** Data records follows **

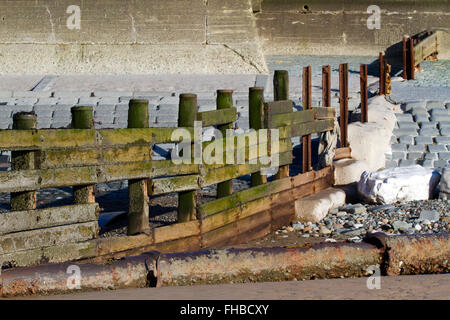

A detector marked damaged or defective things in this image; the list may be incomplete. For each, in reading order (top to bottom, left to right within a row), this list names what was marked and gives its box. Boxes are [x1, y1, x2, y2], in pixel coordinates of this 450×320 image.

rusty metal post [10, 111, 37, 211]
rusty metal post [71, 106, 96, 204]
rusty metal post [127, 99, 150, 236]
rusty metal post [216, 89, 234, 198]
rusty metal post [250, 87, 268, 186]
rusty metal post [272, 70, 290, 179]
rusty steel sheet piling [0, 252, 153, 298]
corroded metal pipe [0, 252, 155, 298]
rusty steel sheet piling [149, 242, 382, 288]
corroded metal pipe [149, 242, 382, 288]
corroded metal pipe [364, 232, 448, 276]
rusty steel sheet piling [366, 232, 450, 276]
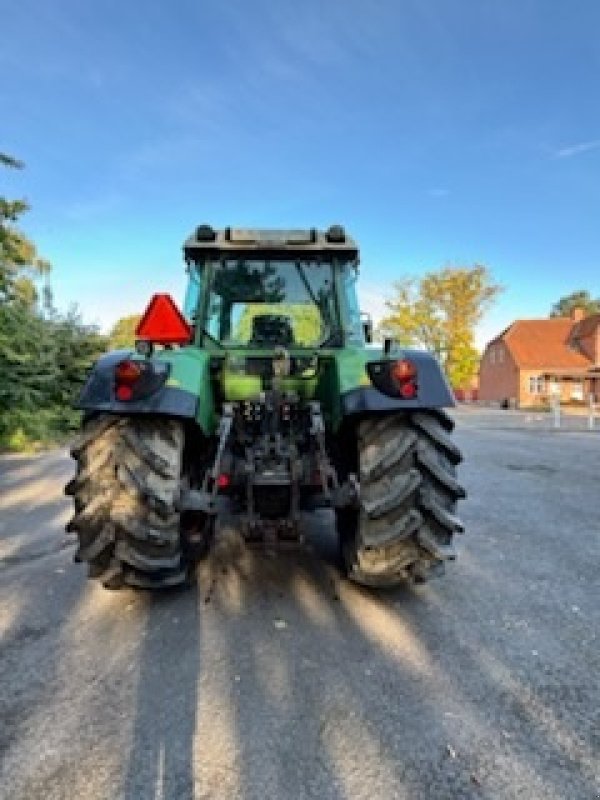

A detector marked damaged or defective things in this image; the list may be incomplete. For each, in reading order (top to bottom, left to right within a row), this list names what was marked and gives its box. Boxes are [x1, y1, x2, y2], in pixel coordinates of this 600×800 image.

cracked asphalt [0, 412, 596, 800]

** End of Data records **

Repeat exactly the lines of the records from the one containing "this 600×800 image." to the last, and include no line outside that stretch.

A detector marked damaged or defective things in this image; the list may be incomplete. For each, in reading order (top to bottom, left to right within a row), this list names what was marked and gives its box. Boxes are [x1, y1, x2, y2], in pixel coordinates of this 600×800 image.

cracked asphalt [0, 412, 596, 800]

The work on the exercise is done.